> [DIRECTIONS FOR THIS TASK]
Copy every line below exactly.

*** Opening of EXERCISE DATA ***

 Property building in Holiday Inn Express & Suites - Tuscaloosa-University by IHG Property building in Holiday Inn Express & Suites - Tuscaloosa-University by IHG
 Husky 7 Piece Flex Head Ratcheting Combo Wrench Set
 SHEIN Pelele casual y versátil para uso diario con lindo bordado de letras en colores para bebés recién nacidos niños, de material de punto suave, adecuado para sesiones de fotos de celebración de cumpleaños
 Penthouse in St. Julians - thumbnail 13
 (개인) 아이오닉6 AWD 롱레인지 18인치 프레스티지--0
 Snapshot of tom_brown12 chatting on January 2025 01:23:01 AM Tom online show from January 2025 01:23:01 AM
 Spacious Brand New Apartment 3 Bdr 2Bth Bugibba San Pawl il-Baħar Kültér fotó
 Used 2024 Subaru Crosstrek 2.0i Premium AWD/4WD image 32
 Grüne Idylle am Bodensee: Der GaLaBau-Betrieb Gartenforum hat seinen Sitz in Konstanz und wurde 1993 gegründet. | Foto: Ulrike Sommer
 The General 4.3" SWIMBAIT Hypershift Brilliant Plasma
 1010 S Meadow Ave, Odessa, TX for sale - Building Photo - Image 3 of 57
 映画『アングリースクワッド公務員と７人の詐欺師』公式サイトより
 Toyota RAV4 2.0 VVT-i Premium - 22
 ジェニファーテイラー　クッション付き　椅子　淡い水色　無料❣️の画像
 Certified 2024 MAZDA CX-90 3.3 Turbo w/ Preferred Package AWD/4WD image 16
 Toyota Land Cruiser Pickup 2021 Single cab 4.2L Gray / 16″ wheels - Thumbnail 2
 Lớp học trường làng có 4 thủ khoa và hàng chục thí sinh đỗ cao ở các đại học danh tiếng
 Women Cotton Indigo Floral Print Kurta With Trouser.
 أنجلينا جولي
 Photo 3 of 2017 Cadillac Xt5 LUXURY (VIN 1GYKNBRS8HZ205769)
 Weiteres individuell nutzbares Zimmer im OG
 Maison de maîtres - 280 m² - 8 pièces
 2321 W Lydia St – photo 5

*** Close of EXERCISE DATA ***

> [RESULT OF THE TASK]
 Property building in Holiday Inn Express & Suites - Tuscaloosa-University by IHG Property building in Holiday Inn Express & Suites - Tuscaloosa-University by IHG
 Husky 7 Piece Flex Head Ratcheting Combo Wrench Set
 SHEIN Pelele casual y versátil para uso diario con lindo bordado de letras en colores para bebés recién nacidos niños, de material de punto suave, adecuado para sesiones de fotos de celebración de cumpleaños
 Penthouse in St. Julians - thumbnail 13
 (개인) 아이오닉6 AWD 롱레인지 18인치 프레스티지--0
 Snapshot of tom_brown12 chatting on January 2025 01:23:01 AM Tom online show from January 2025 01:23:01 AM
 Spacious Brand New Apartment 3 Bdr 2Bth Bugibba San Pawl il-Baħar Kültér fotó
 Used 2024 Subaru Crosstrek 2.0i Premium AWD/4WD image 32
 Grüne Idylle am Bodensee: Der GaLaBau-Betrieb Gartenforum hat seinen Sitz in Konstanz und wurde 1993 gegründet. | Foto: Ulrike Sommer
 The General 4.3" SWIMBAIT Hypershift Brilliant Plasma
 1010 S Meadow Ave, Odessa, TX for sale - Building Photo - Image 3 of 57
 映画『アングリースクワッド公務員と７人の詐欺師』公式サイトより
 Toyota RAV4 2.0 VVT-i Premium - 22
 ジェニファーテイラー　クッション付き　椅子　淡い水色　無料❣️の画像
 Certified 2024 MAZDA CX-90 3.3 Turbo w/ Preferred Package AWD/4WD image 16
 Toyota Land Cruiser Pickup 2021 Single cab 4.2L Gray / 16″ wheels - Thumbnail 2
 Lớp học trường làng có 4 thủ khoa và hàng chục thí sinh đỗ cao ở các đại học danh tiếng
 Women Cotton Indigo Floral Print Kurta With Trouser.
 أنجلينا جولي
 Photo 3 of 2017 Cadillac Xt5 LUXURY (VIN 1GYKNBRS8HZ205769)
 Weiteres individuell nutzbares Zimmer im OG
 Maison de maîtres - 280 m² - 8 pièces
 2321 W Lydia St – photo 5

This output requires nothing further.